Contents:

  1. Indirection in the queue functions

    Why is that all the append and prepend queue functions accept an "any_t" parameter, while dequeue accepts an any_t * item? Since any_t is already a void pointer, are we supposed to return a pointer to a pointer ?
    That's C's method of returning multiple results from a function. Remember that C only uses call-by-value. dequeue is supposed to return true/false based on its success. It is also supposed to return a pointer to an element. It does the former by just issuing a statement like "return 0". It does the latter by taking a pointer to a location, and patching that location with the value it would like to return.

    E.g. let's say you have a function that is supposed to return height (which is 10) and width (say, 20). If you do the obvious:

    int getheightwidth(int width) {
            width = 20;
            return 10;
    }
    main() {
            int h = 0,w = 0;
    
            h = getheightwidth(w);
    }
    

    The change you made to width will not be visible to the calling routine - w will still be 0 after the call, because C uses call-by-value parameters.

    You can get around this problem by passing in a pointer:

    int getheightwidth(int *width) {
            *width = 20;
            return 10;
    }
    main() {
            int h = 0,w = 0;
    
            h = getheightwidth(&w);
    }
    

    Working through an example and convincing yourself that this approach works is the best thing to do. If you have further questions, please see the course staff during one of the TA hours.

  2. The initial context

    We were told that we could represent the thread that NT gives us as a minithread. But what I don't see is where we get the NT stack's base and top to initialize our minithread structure. How do we get such information and more importantly, what is the exact purpose of representing the kernel thread as a minithread?
    Bootstrapping is a problem for any OS. In minithreads, just like in a real system, you have the problem of going from the initial bootloader context to switching between threads that you have created. In our case, the initial stack assigned to us by NT is the bootloader stack, and you would like to then start context switching between minithreads. There are a couple of things one could do here.
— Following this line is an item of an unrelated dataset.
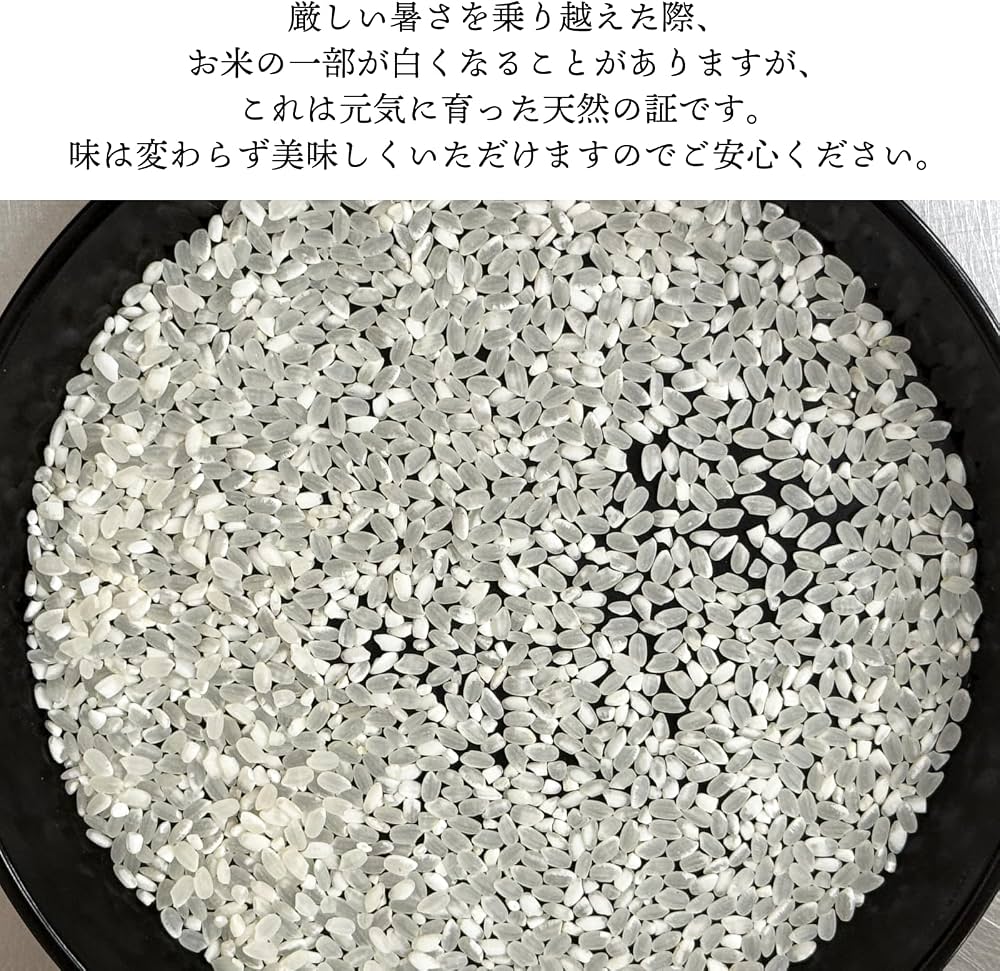 Amazon.co.jp: 岡山県産 彩華米 ブレンド米 10kg 令和7年産 白米 産地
For instance, you could take a context_switch out of the initial stack, and never return there. This is OK, but you would in effect be throwing away the entire initial stack, which is wasteful.

    A better approach is to use the initial stack provided to you by the bootloader (NT in our case) as if it were a minithread stack. The problem is that you don't know the base or the top of the stack assigned to you by NT. But why do you need to know the base or the top ? You need the base if you want to ever free the stack, and you need the top when you need to initialize the stack. But the boot stack is already initialized, and if you turn the initial boot context into the idle thread or the stack cleaner thread, then it will never terminate. Hence, you'll never need to free its stack.
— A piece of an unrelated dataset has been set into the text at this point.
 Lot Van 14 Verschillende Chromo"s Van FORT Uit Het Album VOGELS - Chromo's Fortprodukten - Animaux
    So it's perfectly OK to create a special TCB for the initial context. In effect, you have the context already, and you are legitimizing it in your threads package by wrapping it in a TCB. Unlike every other TCB, this one may have NULLs for stack base and top, but that's ok. You get the nice property that you do not lose or discard any of the memory available to you, including the initial stack.
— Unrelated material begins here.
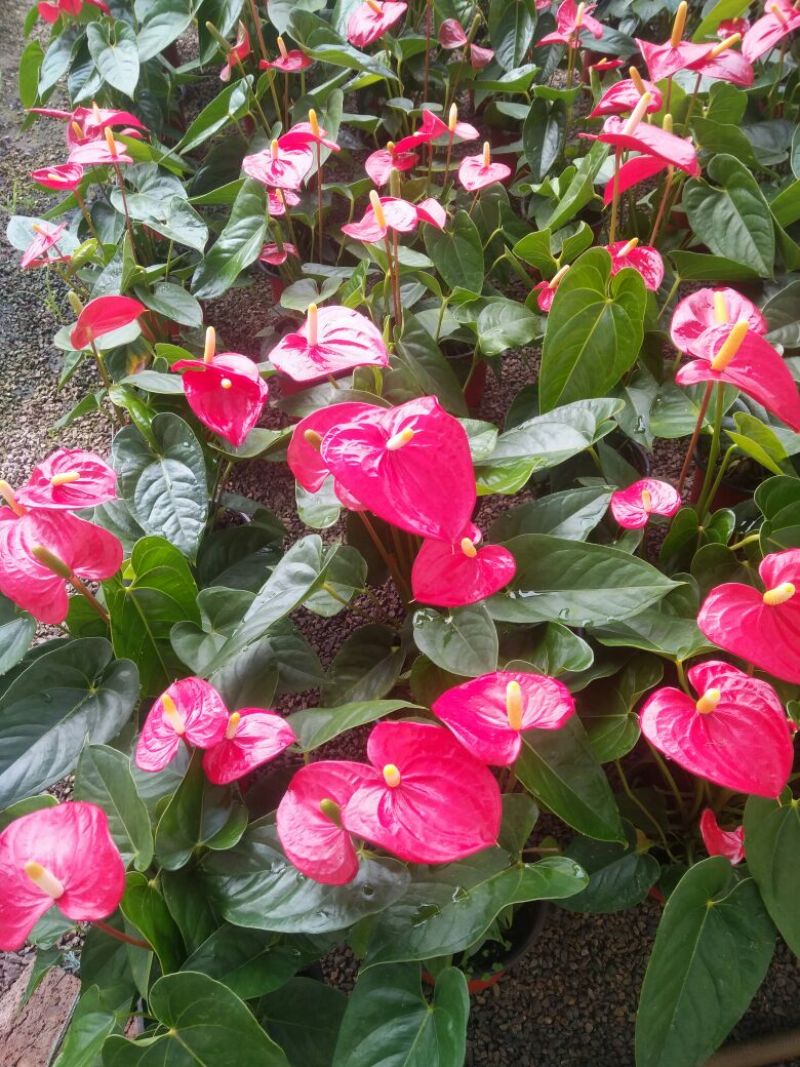 长春花（天天开）花期长好管理颜色多规格全质量保证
  3. Queue_delete signature

    Also, with the new definition of queue_delete(queue_t, any_t* item), what is the purpose of the any_t* item? Is it so that we can return a ptr to the data of what we are deleting? If this is the case, then how do we identify what it is we are to delete?
    In queue_delete, *item is a pointer to the queue element the calling application wants you to delete. queue_delete does not return a pointer, do the (any_t *) is not strictly necessary. So why is there a level of indirection ? For no fundamental reason, only to keep the queue_dequeue interface identical to queue_delete, so people will not make mistakes when they use either of the routines that take items off of a queue.
  4. Error reporting

    What should we do about errors (in non-C jargon, "exceptions") which occur in the functions we write?
    It depends on what causes the error. If it's because of bad parameters passed by the caller, or because a data structure is empty when the caller thought it was full, or some similar condition, then you should return an error code indicating what the error is, if necessary. If the error is one which the function or the caller can't deal with gracefully (memory corruption, not enough memory for a malloc, etc), then it may be better to print out as descriptive an error message as possible, and terminate the program, since the error is likely to be unrecoverable.
  5. Assertions

    What is the assert() function for? When should I use it?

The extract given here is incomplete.